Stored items
__________________________________________________

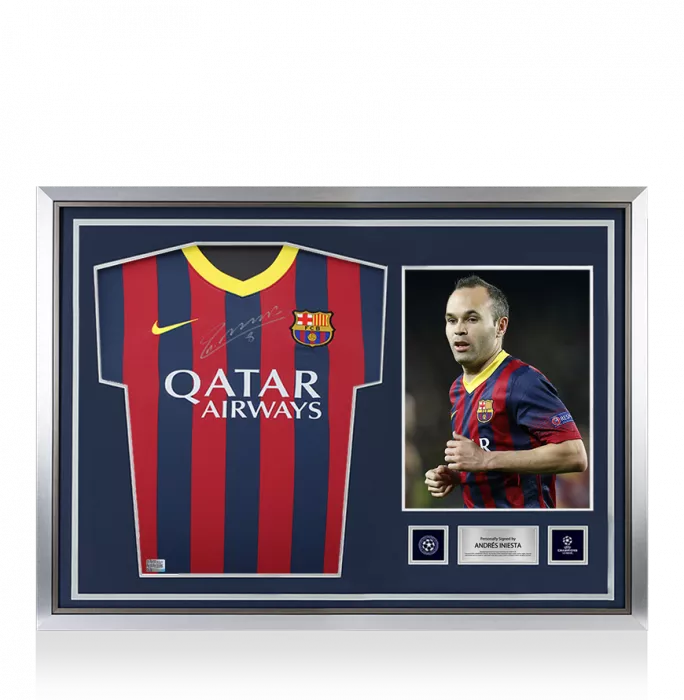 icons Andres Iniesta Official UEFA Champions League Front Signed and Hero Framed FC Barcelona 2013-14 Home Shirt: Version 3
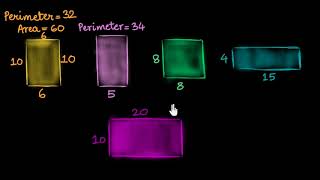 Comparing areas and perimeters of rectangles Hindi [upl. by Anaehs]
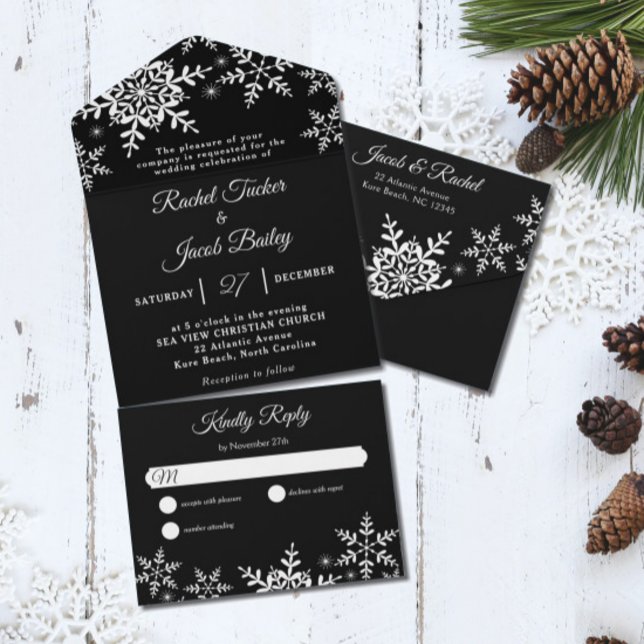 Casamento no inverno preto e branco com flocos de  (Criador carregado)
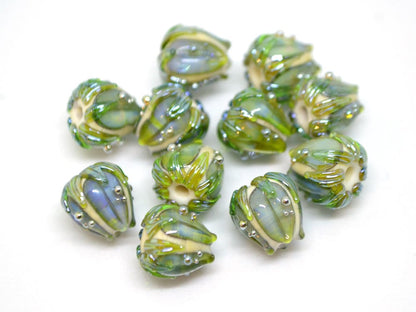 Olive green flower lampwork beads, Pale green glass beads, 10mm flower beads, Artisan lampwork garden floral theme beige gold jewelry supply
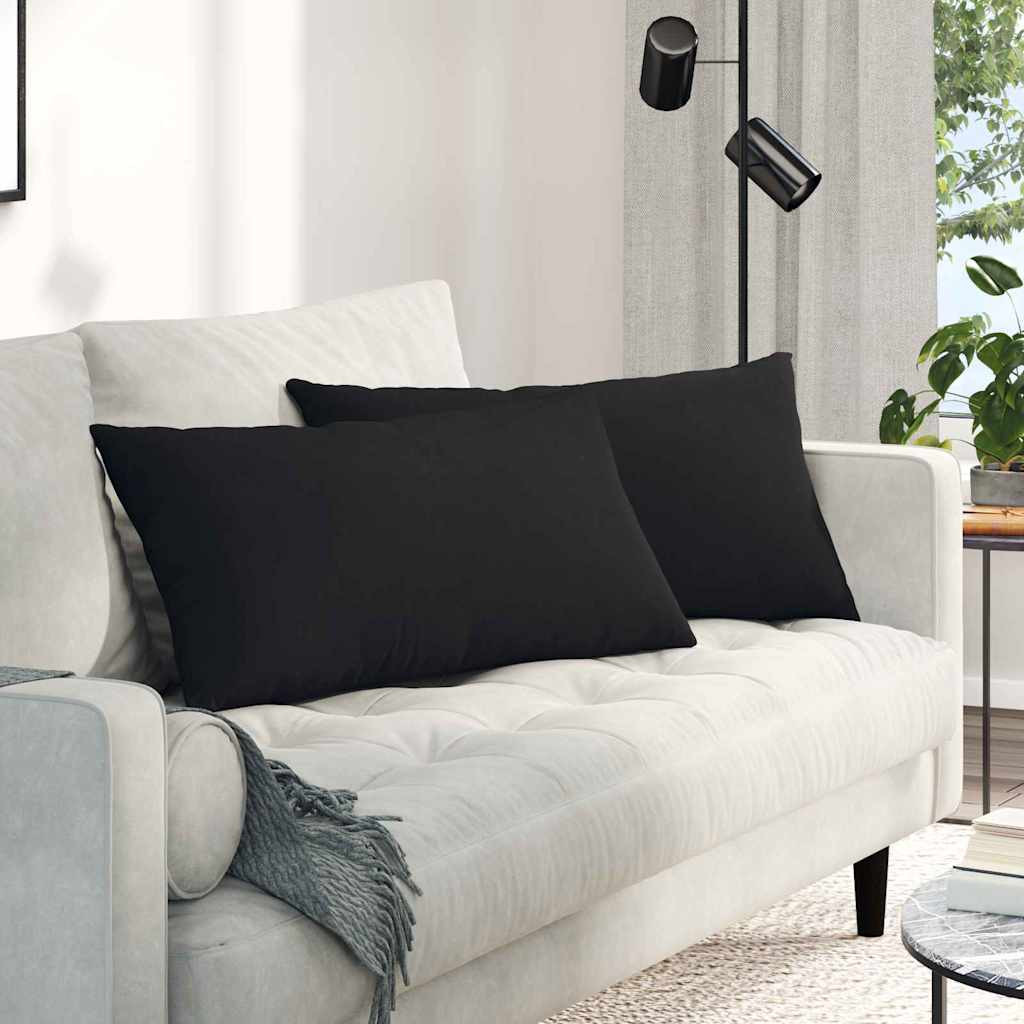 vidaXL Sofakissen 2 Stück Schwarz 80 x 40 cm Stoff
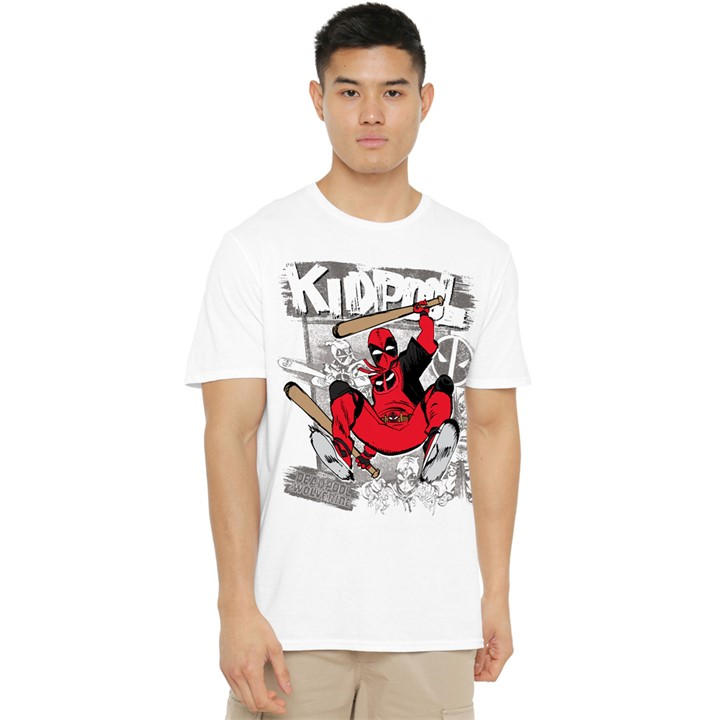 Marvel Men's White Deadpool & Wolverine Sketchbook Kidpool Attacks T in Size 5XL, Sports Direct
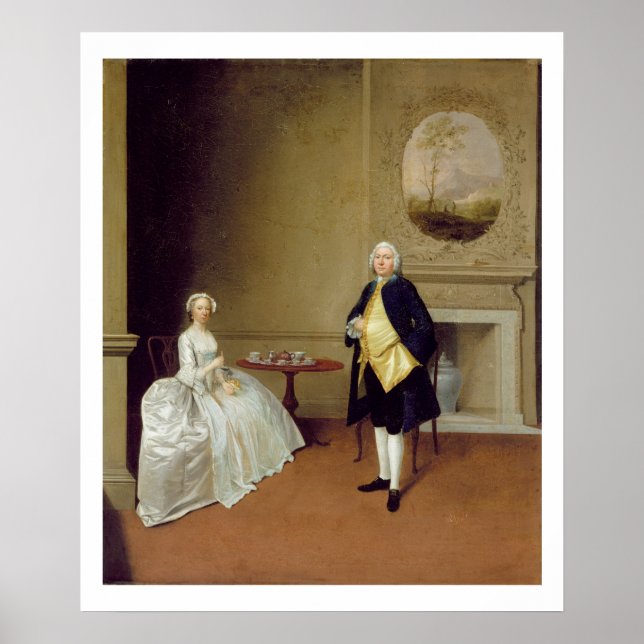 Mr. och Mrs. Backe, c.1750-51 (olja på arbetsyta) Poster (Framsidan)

__________________________________________________

TASK BRIEF:
What the answer needs is every record above, exactly as written, and no pictures.

SOLUTION TO THIS EXERCISE:
 icons Andres Iniesta Official UEFA Champions League Front Signed and Hero Framed FC Barcelona 2013-14 Home Shirt: Version 3
 Comparing areas and perimeters of rectangles Hindi [upl. by Anaehs]
 Casamento no inverno preto e branco com flocos de  (Criador carregado)
 Olive green flower lampwork beads, Pale green glass beads, 10mm flower beads, Artisan lampwork garden floral theme beige gold jewelry supply
 vidaXL Sofakissen 2 Stück Schwarz 80 x 40 cm Stoff
 Marvel Men's White Deadpool & Wolverine Sketchbook Kidpool Attacks T in Size 5XL, Sports Direct
 Mr. och Mrs. Backe, c.1750-51 (olja på arbetsyta) Poster (Framsidan)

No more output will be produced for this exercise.